Acolhimento especializado para ‘raros’
A realidade de longos anos de diagnósticos equivocados e a desvalorização de sintomas levou o Padre Marlon Múcio, diagnosticado com Deficiência do Transportador de Riboflavina (RTD), a fundar a Casa de Saúde Nossa Senhora dos Raros em Taubaté, São Paulo. A instituição filantrópica, inaugurada em dezembro de 2023, é pioneira no atendimento gratuito e exclusivo a pessoas com doenças raras.
Rosely Cizotti, diretora de comunicação do Instituto Vidas Raras, destaca a gratidão do Padre Marlon em querer evitar que outros passem por experiências semelhantes. “Ele ficou tão grato e tão surpreso que disse ‘não podemos deixar outros raros passarem pelo que eu passei'”. A casa já atendeu mais de 3 mil pessoas, oferecendo atendimento ambulatorial multidisciplinar.
Tecnologia a favor do diagnóstico
O projeto Genomas Raros, uma parceria entre o Einstein Hospital Israelita e o Ministério da Saúde, utiliza o sequenciamento genético como ferramenta para agilizar diagnósticos de doenças raras e risco de câncer hereditário. Desde 2019, a iniciativa já realizou cerca de 10 mil sequenciamentos moleculares em pacientes do SUS.
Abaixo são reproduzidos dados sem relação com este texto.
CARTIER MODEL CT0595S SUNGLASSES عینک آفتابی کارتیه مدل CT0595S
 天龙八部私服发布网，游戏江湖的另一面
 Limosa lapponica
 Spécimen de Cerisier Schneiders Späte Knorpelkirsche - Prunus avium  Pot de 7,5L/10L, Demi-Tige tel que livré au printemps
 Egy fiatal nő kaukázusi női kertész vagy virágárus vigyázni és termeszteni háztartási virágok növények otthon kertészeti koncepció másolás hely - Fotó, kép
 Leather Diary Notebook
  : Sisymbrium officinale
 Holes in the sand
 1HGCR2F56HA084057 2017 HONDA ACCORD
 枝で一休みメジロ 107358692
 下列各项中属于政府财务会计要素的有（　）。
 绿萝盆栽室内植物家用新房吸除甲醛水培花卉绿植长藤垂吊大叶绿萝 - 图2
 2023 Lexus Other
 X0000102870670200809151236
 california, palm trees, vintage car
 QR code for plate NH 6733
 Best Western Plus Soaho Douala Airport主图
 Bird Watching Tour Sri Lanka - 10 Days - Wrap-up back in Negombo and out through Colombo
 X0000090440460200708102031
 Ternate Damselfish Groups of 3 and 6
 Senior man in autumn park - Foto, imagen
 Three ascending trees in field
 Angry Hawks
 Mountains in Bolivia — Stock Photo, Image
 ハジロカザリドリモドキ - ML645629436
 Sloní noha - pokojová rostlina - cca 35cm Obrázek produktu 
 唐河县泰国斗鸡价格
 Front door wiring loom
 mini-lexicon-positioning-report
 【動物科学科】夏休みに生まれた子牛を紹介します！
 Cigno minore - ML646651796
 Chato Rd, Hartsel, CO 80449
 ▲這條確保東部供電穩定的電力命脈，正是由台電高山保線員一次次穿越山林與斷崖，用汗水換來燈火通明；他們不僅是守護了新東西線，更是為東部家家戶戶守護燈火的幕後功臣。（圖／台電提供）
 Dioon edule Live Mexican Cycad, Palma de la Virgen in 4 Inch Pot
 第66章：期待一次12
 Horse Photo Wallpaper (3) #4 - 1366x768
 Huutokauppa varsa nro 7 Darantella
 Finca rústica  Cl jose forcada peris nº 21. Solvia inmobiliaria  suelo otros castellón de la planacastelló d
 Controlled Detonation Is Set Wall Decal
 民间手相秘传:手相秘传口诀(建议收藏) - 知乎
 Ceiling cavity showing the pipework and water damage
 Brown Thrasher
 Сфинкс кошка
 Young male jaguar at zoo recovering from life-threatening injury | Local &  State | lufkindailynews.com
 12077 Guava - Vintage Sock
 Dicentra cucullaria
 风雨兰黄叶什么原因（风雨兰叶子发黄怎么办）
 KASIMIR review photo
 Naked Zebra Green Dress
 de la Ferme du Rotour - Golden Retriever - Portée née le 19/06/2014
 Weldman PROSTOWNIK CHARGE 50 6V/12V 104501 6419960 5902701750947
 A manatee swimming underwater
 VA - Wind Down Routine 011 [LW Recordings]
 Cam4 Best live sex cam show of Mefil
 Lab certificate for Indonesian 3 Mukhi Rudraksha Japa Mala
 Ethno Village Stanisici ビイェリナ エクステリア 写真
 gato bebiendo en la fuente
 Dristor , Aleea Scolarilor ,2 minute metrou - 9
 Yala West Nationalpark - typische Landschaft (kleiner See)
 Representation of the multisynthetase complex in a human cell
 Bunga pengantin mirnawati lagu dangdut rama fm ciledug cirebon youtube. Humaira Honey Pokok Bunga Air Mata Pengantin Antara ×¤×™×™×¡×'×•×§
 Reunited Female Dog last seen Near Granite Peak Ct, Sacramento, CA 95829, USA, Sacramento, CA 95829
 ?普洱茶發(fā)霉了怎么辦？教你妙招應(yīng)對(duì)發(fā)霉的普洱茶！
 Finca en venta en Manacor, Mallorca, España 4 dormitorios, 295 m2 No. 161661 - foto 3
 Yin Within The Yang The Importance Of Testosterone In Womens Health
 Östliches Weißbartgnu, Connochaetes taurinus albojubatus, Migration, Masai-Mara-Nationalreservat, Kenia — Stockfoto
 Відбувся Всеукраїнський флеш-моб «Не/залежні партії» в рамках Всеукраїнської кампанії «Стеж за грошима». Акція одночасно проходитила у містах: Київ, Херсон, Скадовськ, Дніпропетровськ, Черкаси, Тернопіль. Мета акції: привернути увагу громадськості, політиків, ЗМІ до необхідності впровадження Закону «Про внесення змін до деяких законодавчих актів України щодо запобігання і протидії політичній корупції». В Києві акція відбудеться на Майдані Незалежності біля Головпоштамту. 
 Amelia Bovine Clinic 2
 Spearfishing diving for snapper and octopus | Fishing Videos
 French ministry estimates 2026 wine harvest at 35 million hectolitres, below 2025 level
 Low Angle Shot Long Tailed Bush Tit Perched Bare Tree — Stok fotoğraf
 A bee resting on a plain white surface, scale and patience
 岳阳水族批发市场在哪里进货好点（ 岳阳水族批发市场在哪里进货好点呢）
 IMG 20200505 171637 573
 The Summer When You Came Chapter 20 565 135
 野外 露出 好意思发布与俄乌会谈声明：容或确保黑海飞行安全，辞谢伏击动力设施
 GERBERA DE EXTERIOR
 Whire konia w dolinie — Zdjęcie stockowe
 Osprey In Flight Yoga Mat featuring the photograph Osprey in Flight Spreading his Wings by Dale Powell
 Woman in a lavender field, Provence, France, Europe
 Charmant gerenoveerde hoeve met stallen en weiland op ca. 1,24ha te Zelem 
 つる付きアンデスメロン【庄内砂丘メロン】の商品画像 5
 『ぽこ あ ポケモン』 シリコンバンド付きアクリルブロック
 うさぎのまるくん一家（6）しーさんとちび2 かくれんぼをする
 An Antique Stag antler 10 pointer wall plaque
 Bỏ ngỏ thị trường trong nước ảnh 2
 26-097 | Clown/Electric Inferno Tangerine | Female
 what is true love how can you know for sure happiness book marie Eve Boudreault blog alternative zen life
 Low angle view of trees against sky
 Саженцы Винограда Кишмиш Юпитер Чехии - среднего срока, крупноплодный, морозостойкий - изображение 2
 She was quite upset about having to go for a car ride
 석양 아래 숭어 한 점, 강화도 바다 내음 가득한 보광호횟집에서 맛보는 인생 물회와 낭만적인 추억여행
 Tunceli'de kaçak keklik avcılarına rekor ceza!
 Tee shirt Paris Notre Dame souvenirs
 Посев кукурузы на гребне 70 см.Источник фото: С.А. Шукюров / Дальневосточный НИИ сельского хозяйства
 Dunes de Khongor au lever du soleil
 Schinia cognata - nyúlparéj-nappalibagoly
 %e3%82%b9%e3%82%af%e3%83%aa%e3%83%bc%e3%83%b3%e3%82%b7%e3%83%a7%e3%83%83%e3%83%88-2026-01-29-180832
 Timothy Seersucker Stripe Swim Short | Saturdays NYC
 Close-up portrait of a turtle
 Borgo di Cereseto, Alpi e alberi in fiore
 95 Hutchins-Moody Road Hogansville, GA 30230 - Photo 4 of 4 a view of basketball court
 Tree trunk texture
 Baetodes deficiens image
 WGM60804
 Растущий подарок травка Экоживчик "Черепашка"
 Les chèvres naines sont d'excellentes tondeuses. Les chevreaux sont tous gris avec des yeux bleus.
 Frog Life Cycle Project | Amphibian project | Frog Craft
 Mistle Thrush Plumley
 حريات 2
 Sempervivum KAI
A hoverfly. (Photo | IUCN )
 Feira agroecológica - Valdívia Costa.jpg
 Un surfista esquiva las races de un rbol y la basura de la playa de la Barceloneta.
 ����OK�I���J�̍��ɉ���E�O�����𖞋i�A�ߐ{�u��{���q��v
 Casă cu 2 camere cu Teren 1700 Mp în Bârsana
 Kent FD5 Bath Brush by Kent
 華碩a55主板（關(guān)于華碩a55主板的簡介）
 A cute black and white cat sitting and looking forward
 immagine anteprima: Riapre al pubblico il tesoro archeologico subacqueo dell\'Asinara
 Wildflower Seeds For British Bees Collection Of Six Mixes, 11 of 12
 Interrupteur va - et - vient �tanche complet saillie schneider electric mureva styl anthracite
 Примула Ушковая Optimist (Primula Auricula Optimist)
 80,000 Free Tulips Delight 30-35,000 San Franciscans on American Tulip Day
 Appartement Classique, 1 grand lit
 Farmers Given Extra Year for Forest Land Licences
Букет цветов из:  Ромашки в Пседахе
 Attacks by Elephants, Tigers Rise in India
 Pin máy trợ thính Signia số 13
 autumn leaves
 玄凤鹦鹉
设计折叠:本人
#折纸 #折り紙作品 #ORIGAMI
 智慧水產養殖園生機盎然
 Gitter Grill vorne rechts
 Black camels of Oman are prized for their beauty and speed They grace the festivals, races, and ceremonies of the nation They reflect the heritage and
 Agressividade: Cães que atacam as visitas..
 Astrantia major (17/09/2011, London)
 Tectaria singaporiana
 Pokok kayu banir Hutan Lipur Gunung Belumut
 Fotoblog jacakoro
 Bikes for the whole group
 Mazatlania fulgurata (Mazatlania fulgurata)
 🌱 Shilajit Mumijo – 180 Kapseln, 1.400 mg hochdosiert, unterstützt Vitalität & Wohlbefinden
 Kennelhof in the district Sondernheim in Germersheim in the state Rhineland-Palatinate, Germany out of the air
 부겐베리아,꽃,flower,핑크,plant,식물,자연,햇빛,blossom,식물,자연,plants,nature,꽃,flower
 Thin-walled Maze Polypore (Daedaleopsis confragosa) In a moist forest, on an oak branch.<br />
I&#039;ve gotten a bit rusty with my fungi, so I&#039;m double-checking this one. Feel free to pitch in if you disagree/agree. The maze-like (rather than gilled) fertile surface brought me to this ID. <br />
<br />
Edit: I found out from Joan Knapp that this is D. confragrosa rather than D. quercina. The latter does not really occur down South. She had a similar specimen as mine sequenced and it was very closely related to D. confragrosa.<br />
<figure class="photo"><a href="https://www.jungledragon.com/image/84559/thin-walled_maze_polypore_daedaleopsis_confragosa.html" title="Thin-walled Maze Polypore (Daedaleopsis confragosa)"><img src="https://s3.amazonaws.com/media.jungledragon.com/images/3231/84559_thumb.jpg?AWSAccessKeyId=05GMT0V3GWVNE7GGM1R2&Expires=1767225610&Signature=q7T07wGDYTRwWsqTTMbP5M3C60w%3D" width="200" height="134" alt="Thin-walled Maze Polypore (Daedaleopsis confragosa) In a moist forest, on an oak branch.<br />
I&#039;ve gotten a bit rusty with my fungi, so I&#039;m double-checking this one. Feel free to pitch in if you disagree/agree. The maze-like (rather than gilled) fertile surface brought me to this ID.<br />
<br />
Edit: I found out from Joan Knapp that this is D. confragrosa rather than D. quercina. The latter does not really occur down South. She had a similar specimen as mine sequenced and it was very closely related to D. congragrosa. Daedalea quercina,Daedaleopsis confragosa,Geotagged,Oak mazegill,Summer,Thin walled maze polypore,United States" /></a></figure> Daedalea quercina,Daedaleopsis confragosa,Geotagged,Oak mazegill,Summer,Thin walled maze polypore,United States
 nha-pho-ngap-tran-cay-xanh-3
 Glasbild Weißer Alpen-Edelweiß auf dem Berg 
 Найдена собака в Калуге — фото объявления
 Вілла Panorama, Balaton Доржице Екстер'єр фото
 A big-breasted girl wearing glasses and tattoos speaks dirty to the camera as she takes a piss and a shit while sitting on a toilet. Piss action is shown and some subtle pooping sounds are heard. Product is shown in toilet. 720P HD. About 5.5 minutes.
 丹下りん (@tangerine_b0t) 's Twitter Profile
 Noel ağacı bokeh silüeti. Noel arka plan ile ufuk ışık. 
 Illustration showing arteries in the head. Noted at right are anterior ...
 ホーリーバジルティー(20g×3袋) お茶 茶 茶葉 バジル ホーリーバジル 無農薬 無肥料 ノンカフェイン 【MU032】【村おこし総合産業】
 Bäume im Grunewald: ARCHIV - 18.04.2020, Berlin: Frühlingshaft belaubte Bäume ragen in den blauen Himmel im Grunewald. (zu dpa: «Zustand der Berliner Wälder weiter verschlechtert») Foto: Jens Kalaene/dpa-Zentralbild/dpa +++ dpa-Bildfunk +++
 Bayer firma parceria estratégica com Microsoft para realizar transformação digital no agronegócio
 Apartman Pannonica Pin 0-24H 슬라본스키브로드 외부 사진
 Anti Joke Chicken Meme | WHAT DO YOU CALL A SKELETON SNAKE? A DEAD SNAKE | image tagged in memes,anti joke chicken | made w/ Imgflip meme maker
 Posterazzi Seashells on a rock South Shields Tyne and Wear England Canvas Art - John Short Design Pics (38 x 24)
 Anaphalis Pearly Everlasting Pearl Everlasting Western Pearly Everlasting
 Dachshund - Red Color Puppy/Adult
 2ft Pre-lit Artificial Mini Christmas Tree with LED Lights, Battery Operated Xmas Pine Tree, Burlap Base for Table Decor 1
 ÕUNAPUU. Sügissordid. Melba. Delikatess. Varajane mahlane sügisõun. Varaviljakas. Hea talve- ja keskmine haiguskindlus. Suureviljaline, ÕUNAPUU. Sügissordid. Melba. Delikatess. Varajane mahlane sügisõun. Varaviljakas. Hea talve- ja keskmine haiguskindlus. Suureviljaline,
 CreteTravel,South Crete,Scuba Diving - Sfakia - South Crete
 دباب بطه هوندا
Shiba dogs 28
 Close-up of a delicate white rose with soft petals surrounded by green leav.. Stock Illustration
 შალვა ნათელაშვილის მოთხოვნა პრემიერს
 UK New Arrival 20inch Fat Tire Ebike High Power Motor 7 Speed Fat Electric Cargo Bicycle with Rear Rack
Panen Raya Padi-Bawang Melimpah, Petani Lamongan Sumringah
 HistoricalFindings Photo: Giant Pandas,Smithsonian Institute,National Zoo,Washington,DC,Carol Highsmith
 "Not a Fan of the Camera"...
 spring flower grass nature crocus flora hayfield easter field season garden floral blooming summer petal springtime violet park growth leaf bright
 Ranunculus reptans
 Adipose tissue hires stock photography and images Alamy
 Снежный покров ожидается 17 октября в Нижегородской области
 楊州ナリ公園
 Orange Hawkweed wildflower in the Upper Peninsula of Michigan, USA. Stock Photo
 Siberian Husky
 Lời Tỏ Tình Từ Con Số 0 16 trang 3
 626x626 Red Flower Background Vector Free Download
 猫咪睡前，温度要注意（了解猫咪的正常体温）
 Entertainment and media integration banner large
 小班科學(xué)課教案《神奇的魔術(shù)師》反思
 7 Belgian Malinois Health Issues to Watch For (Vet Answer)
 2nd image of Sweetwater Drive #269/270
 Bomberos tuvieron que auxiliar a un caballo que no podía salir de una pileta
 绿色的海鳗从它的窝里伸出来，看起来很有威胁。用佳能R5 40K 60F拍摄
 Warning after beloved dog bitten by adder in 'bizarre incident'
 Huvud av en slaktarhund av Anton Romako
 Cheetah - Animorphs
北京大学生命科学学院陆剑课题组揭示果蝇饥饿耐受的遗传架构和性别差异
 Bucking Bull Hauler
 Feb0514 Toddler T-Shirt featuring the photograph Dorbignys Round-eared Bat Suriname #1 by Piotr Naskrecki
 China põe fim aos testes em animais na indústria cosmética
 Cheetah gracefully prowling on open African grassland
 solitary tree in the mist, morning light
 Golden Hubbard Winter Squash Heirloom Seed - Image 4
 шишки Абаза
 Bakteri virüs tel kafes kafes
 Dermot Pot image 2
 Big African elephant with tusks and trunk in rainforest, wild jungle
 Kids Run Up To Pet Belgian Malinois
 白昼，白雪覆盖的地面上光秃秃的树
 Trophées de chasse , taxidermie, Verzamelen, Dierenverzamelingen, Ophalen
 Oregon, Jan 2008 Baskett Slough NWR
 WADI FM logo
Tatiana Almeida, gerente médica do laboratório clínico no Einstein, ressalta o objetivo de testar a viabilidade desses exames de alto custo dentro do Sistema Único de Saúde. “Nosso objetivo é o diagnóstico, sem dúvida alguma, mas também entender o quanto esse diagnóstico diminui a jornada do paciente e coloca terapias mais efetivas”.
Diversidade genética brasileira e políticas públicas
Evandro Lupatini, coordenador-geral de Ações Estratégicas em Pesquisa do Ministério da Saúde, enfatiza a importância de pesquisas com sequenciamento genético adaptadas à diversidade étnica brasileira. “Nossa população é única do ponto de vista de miscigenação. A gente tem uma série de misturas de etnias e isso faz com que a gente seja muito diverso”.
Desde 2014, o Brasil conta com a Política Nacional de Atenção Integral às Pessoas com Doenças Raras, que busca organizar a rede de atendimento e ampliar o acesso ao diagnóstico e a tratamentos mais efetivos. A criação de centros especializados e o investimento em exames genéticos são vistos como essenciais para melhorar a qualidade de vida dos pacientes.